After serving part of a sentence, a prisoner can win parole, release from a correctional facility into a community where he or she will finish the sentence under close supervision. The parole review board will grant the prisoner's release only after a hearing. Follow these steps to pass the board's review.
Pass a Parole Hearing
Apply for parole. Prisoners must fill out a parole application and sign it to be considered.
Wait for notification from a case manager, who will notify you when your parole hearing is scheduled.
Expect an initial parole hearing within a few months after your prison sentence begins.
Know what to expect. Talk with your attorney, a parole board representative, experienced clergymen and social service agency workers who can prepare you for the hearing.
Answer all questions directly and honestly.
The victims may be asked to testify at your parole hearing. Prepare yourself to face them as well as any witnesses who may also be called to testify for or against you.
File an appeal.
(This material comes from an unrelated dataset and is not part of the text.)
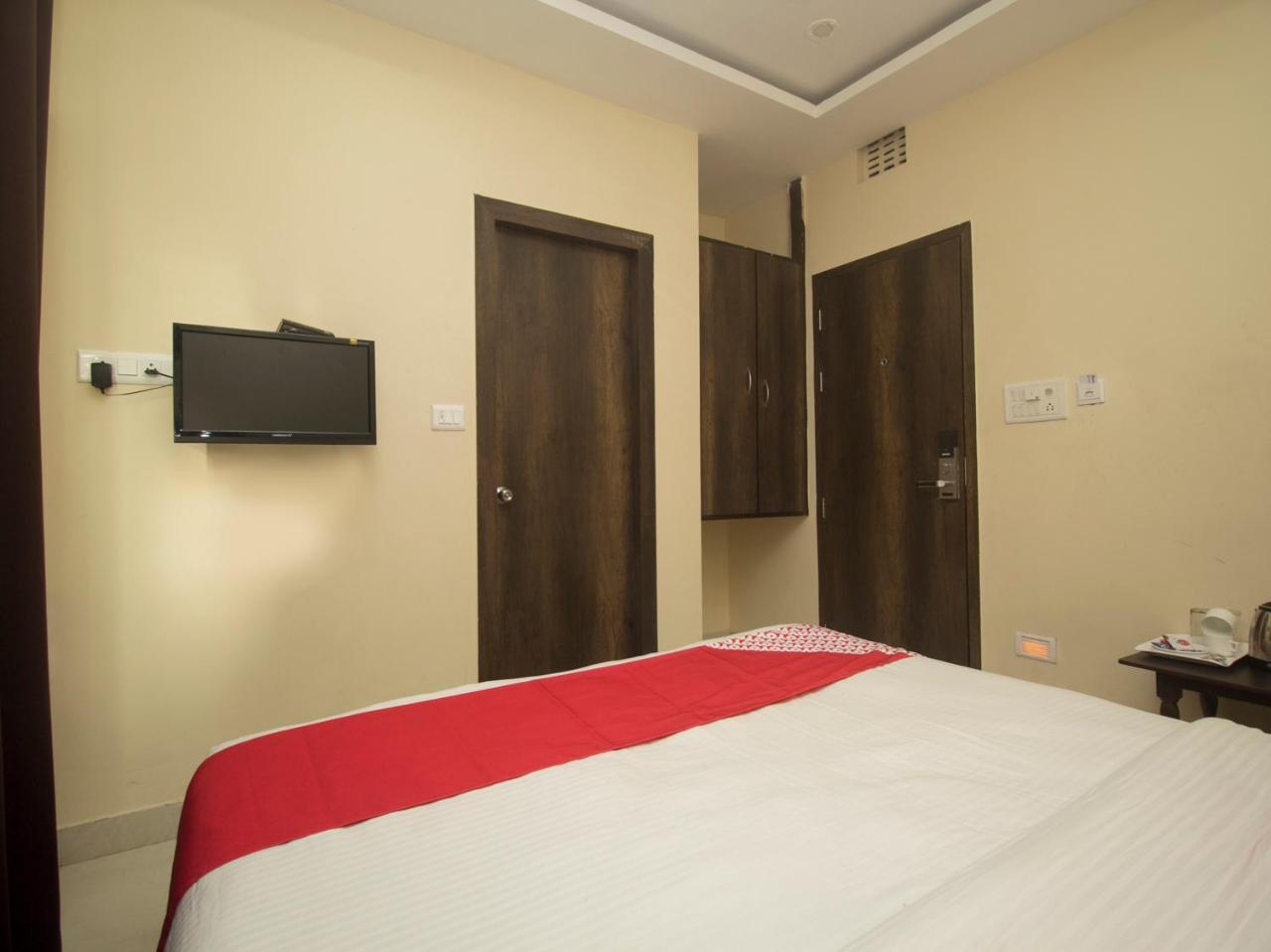 Hotel Mount View, Siliguri Buitenkant foto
Should the parole commission rule against you, you have the right to file an appeal with the National Appeals Board (see Resources below).
Seek the help of a support group after you pass your parole hearing. Many parole arrangements require parolees to attend regular support groups for alcohol or drug abuse, such as Alcoholics Anonymous (see Resources below).
- Parole hearings can be nearly as psychologically grueling as a jury trial. Be prepared to face your victims again. This is a good time to express remorse.
- The parole commission and its representatives have sole discretion when it comes to granting parole to prisoners, but parole cannot be granted before the eligibility date determined by the US judicial code. Prisoners typically become eligible for parole after completing a third of their sentence.